In den drei größten Zielländern für Migrantinnen und Migranten, Deutschland, Frankreich und Italien, ist es deshalb nicht verwunderlich, dass 2023 nationale Gesetze verschärft wurden, um die Anzahl der Ankünfte zu verringern und Abschiebungen zu erleichtern.
Politisch bewegen sich die drei wirtschaftlich stärksten EU-Länder zwar in die gleiche Richtung. Doch die Voraussetzungen sind in jedem Land höchst unterschiedlich.

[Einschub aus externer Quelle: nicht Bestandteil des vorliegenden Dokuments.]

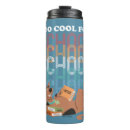 Search for mystery machine travel mugs Scooby gang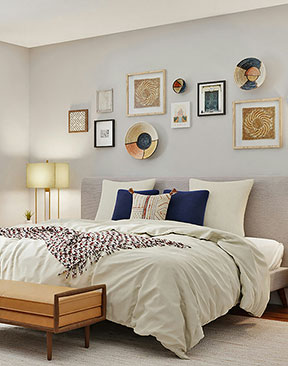 Image for Allergy‑Proofing Your Bedroom for Better Health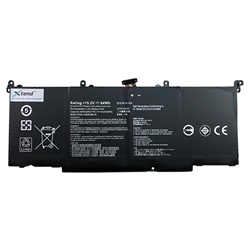 Asus GL502VT Battery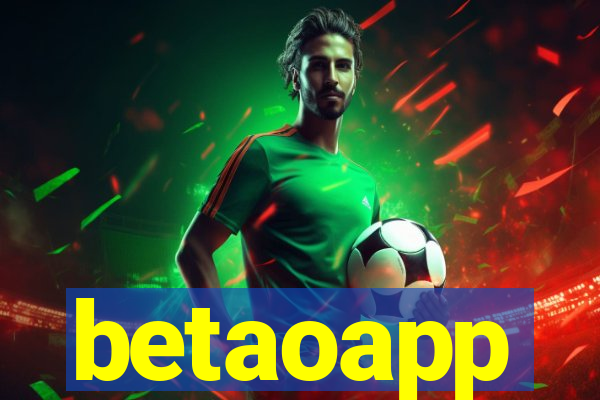 betaoapp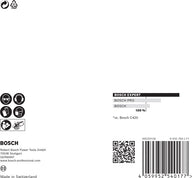 [variant][2.608.900.679]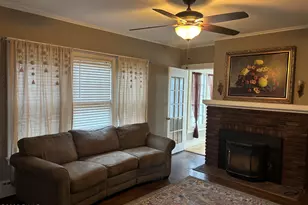 1504 East St, Honesdale, PA 18431 - Photo 5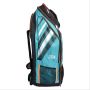 SS Sunridges Master 2000 Cricket Kit Bag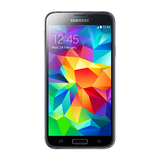 Galaxy S5 16 Go Noir Reconditionné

So regiert in Deutschland eine Koalition aus Sozialdemokraten, Liberalen und Grünen, in Frankreich eine liberale Minderheitsregierung und in Italien eine rechtspopulistische Koalition aus Rechtsextremen und Christdemokraten.
Deutschland
Beim Bundesamt für Migration und Flüchtlinge (BaMF) geht man für 2023 davon aus, dass etwa 350.000 der mehr als eine Million Asylbewerber in der EU ihren Erstantrag in Deutschland stellen.
Zusätzlich zu den Asylbewerbern, die hauptsächlich aus Syrien, Afghanistan und der Türkei stammen, wurde rund eine Million Kriegsflüchtlinge aus der Ukraine untergebracht. Die Ampelkoalition hat mit mehreren Gesetzen auf die zugespitzte Lage reagiert.
So soll das "Chancenaufenthaltsgesetz" die legale Arbeitsaufnahme von Migranten und deren Eingliederung verbessern, wenn diese seit mindestens fünf Jahren im Land leben.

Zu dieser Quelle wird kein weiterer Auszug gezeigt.